* [ACTION ITEM]:
In the material below, begin at the line that has "Cuadro de PVC Tea bags Hyggelig", stop after the line that has "Luva De Nylon", and transcribe those lines exactly, without pictures.

══ PROVIDED DATA ══

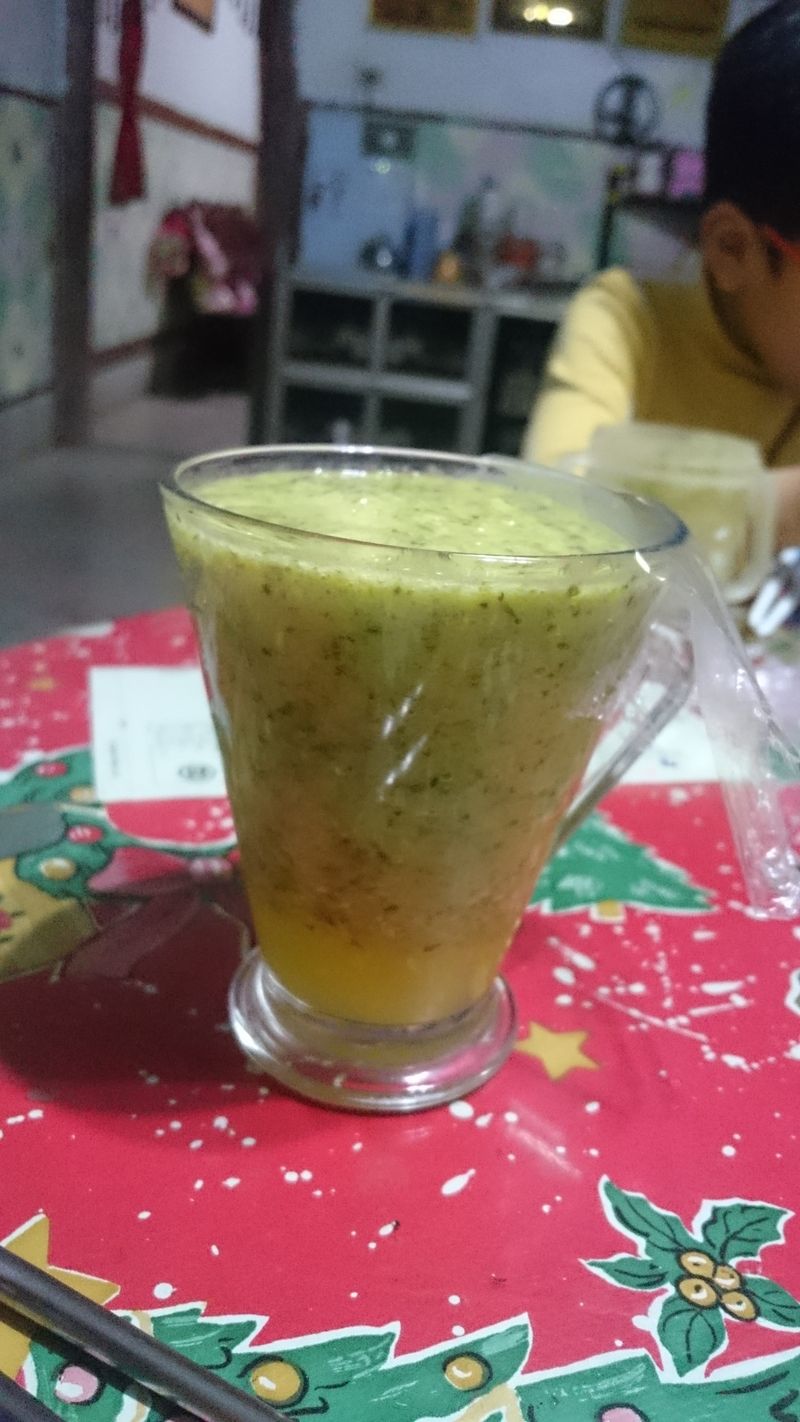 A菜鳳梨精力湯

═══
══ PROVIDED DATA ══

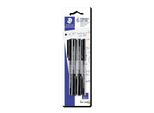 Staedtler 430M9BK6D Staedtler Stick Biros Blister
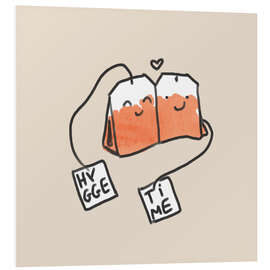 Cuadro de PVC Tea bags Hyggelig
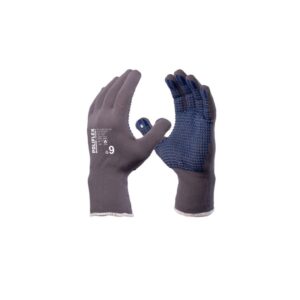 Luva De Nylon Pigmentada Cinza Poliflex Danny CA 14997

═══

* [SOLUTION FOR THIS PROBLEM]:
 Cuadro de PVC Tea bags Hyggelig
 Luva De Nylon Pigmentada Cinza Poliflex Danny CA 14997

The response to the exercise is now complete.